This year will be all new material. Last year's show had us venting our respective spleens all over the stage mostly regarding the state of improv and sketch comedy. There will still be some of that, but most of the show will be us setting off comedy dirty bombs about ALL the things that piss us off. Oh, and there's full frontal nudity.
One thing we did last year in our show was pepper it with Don and I stating our opinions about what's right and, mostly, wrong in the world. These segments were called "I Believe's..." We'll be doing that, again, but all brand new shiny ones.
Here are my "I Believe's..." from last year.
I believe people should be required to get a license use a public restroom. A test should be administered involving aim and hygiene that is considerate of others.
If you’re going to have public urination laws, using cell phones while driving laws, bicycle traffic laws, here’s an idea, enforce them!
We have an addiction-driven economy – gambling, alcohol, caffeine, pornography, fast food, to name a few. It’s not in the best interests of our nation to be healthy.
I believe an improviser whose ultimate goal is to be on SNL or MADtv, hasn’t watched either of those shows in awhile.
I believe improvisers are lazy and think standing around saying pithy things passes for good improv.
I believe America is fixated on material wealth and has lost sight of the really important things such as love of material wealth.
I believe technology has ruined for a new generation the joy of ever listening to an entire record album. Side one and side two.
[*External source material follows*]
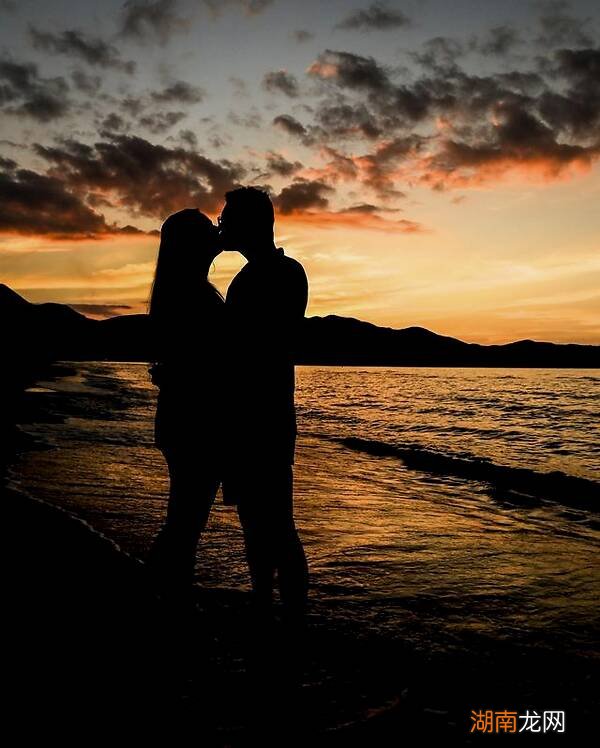 占有欲特别强是什么心理原因 男人占有欲和控制欲具体表现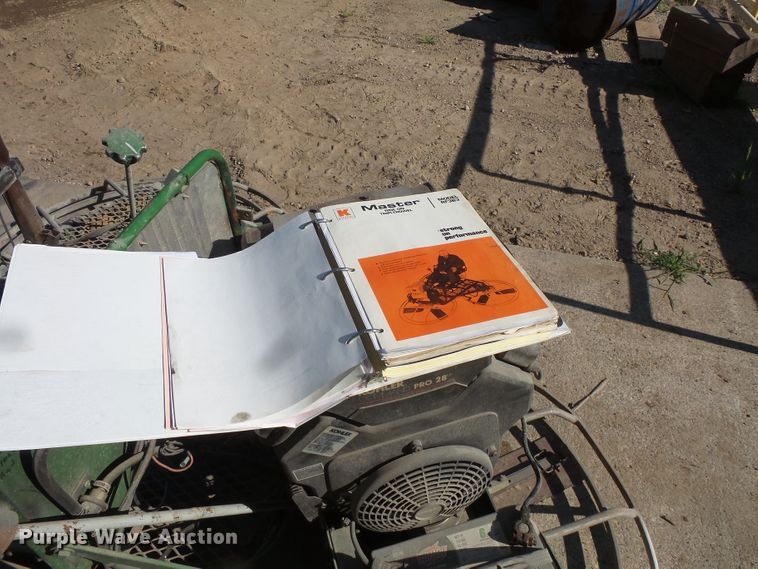 image for item FU9253 Arrow Master CH745S power trowel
Great music should never be downloaded.
I believe everyone has already had their fifteen minutes of fame, and, really, it’s time to move on.
I believe conspiracy theories are a conspiracy theory.
I believe the general public confuses shock for comedy, gore for horror, scary music for suspense and jiggly things for erotica.
I believe the entire US tax system should be abolished and, in it’s place - a $20 cover charge.
There is no hope in this society until the manipulation of truth to go to war, illegal incarceration and murder make us more outraged than wardrobe malfunctions, gay marriage and oval office blow jobs.
Many people complain that iO featuring stand-up comedy is an affront to the study of improvisation, unlike the writing courses they offer.
I believe we descended from apes. Apes that wore leather, rode horses, and kept mutes for slaves. Hey, it’s what I believe.
THE BS NEWS QUIZ OF THE DAY
Yesterday, I asked...
"Employees at a Fargo, North Dakota bank are getting holiday bonuses under the condition that they what?"
57% said "Not spend it on booze"
- Here's what's really happening behind that bank counter. Tellers are naked from the waist down and can't wait for you to leave so they can start partying again. Customers interrupt and annoy them. That's why they came up with the ATM.
No one thought it was "Not spend it on drugs" or "Not spend it on gambling"
- Apparently, these are very acceptable uses of one's money in Fargo in the winter.
42% got the right answer, "Not spend it on their families"
According to the Associated Press, State Bank & Trust Chief Operating Officer Michael Solberg said each full-time employee will receive $1,000 and each part-time employee will receive $500, as part of a $502,000 "Pay it Forward" initiative. Employees were told not to use the money for themselves, their families or families of other bank employees. I can appreciate where the bank is coming from, but if I were an employee, I would think this sucked mightily. They are being forced to be charitable, which kind of eliminates that charity part. Fortunately, I am here to offer a solution to the employee who wants to give and instantly get back for their efforts.
Send your money to:
The Joe Janes Foundation
c/o The Second City
1616 North Wells Street
Chicago, Illinois, 60614
80% of your holiday fund will be mailed back to you. I have to keep 20% for administrative fees, ya' know.